For completeness sake here is the code for Lookup (it's more complex and I'll leave it as an exercise to the reader to work out how it maintains the invariant....
procedure Lookup (S : String;
N : out Name_Id)
is
Ptr : Name_Id := 0;
H : constant Hash_Table_Index_T :=
Ada.Strings.Hash (S) mod Hash_Table_Size;
begin
-- Special case the empty string.
if S'Length = 0 then
N := 0;
return;
end if;
-- Look at the first element of the hash bucket.
N := Hash_Table (H);
if N in Valid_Name_Id then
-- It exists...
Ptr := N;
loop
-- If it matches the string, then we stop here.
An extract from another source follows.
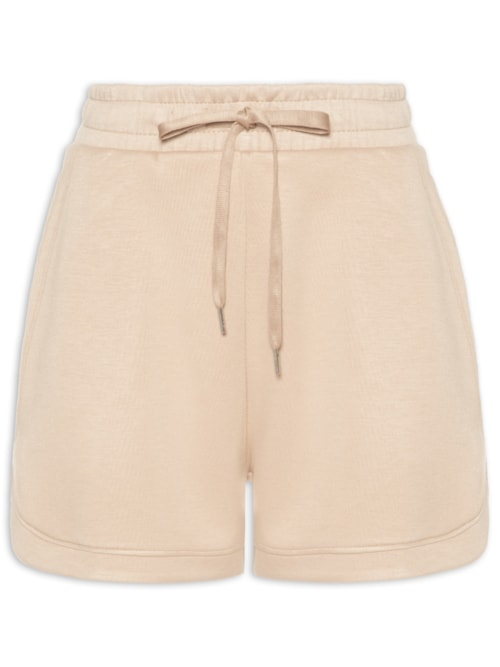 Short Feminino Em Moletom - Bege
if To_String (Ptr) = S then
N := Ptr;
return;
end if;
pragma Loop_Invariant
(Ptr in Valid_Name_Id and
Ptr <= Last_Index (Entry_Table) and
Invariant);
-- Otherwise, we follow the linked list until we hit the end.
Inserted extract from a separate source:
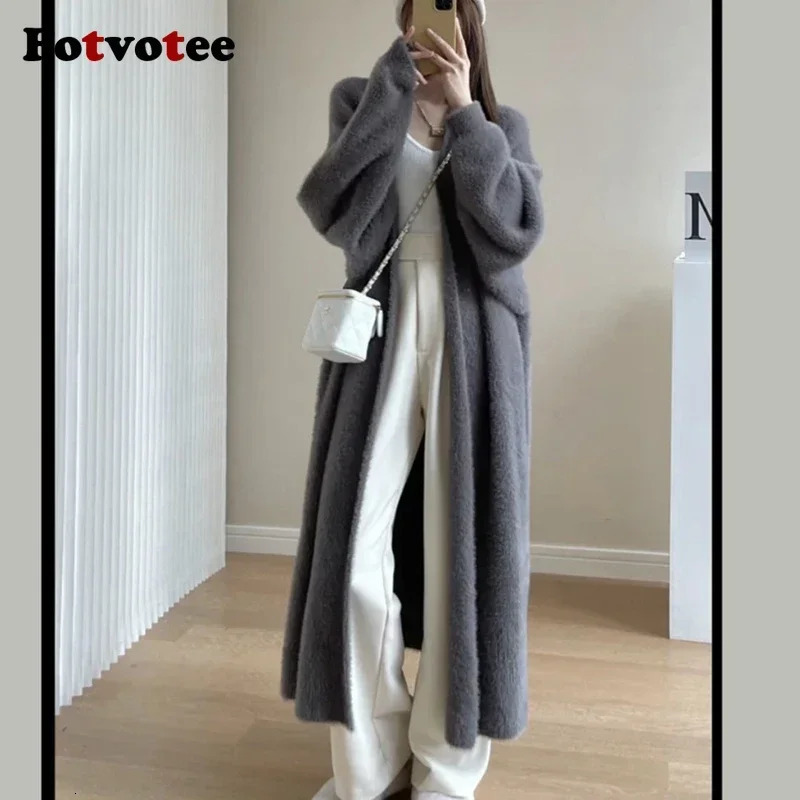 FOTVOTEE Womens Long Open Collar Woolen Sweater Fashion Casual Coat Autumn Sleeve Solid Loose 241007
exit when Element (Entry_Table, Ptr).Next_Hash = 0;
Ptr := Element (Entry_Table, Ptr).Next_Hash;
end loop;
end if;
-- We have not found the string, so at this point we need to add it
-- to the table.
Merge (S, N);
-- And then fix up the hash table. In the first case we need to
-- update the last link in the hash bucket; in the second case we
-- update the top-level hash table as its the first item in the
-- bucket.
if Ptr in Valid_Name_Id then
Replace_Element (Entry_Table,
Ptr,
Element (Entry_Table, Ptr)'Update (Next_Hash => N));
else
Hash_Table (H) := N;
end if;
end Lookup;
It really helped the proof effort to separate out the code that actually adds a new entry to the table. The code for Merge
(which also maintains the invariant) is shown below. Note there are two more assumptions here: that we'll never run out of memory. We can avoid doing this if we have a special Error token we can return, but here we just assume that we'll not run out of space. Also observe the postcondition for Merge
it maintains the invariant and records that the Name_Id
generated will be in the bounds of the entry table.
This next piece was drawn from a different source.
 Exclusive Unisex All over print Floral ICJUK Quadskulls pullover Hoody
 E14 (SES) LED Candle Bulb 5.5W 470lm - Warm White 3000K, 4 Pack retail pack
procedure Merge (S : String;
N : out Name_Id)
with Global => (In_Out => (Char_Table, Entry_Table),
Proof_In => Hash_Table),
Pre => Invariant,
Post => Invariant and
Length (Entry_Table) = Length (Entry_Table)'Old + 1 and
Length (Char_Table) >= Length (Char_Table)'Old and
N = Last_Index (Entry_Table)
is
-- If this is not true, then we're out of memory on the string or
-- entry table...
pragma Assume (Last_Index (Char_Table)
< Char_Table_Index'Last - S'Length);
pragma Assume (Last_Index (Entry_Table) < Name_Id'Last);
begin
-- Add the string to the character table.
for I in Positive range 1 .. S'Length loop
Append (Char_Table, S (I + (S'First - 1)));
pragma Loop_Invariant
(Invariant and
Length (Char_Table) =
Length (Char_Table)'Loop_Entry + Char_Tables.Capacity_Range (I));
end loop;
-- Construct a Name_Entry and add it to the table.
declare
E : constant Name_Entry :=
(Table_Index => Last_Index (Char_Table) - (S'Length - 1),
Length => S'Length,
Next_Hash => 0);
begin
Append (Entry_Table, E);
end;
N := Last_Index (Entry_Table);
end Merge;
Closing thoughts
Looking at the body of Lookup
and To_String
you will notice that there is actually not that much annotation, despite the complicated nature of the name table. The main trick to do this was to keep the invariant as an expression function.
Also note that you get 100% automatic proof with just CVC4.
In the next blog post I will write about the lexer, focusing on the termination proof.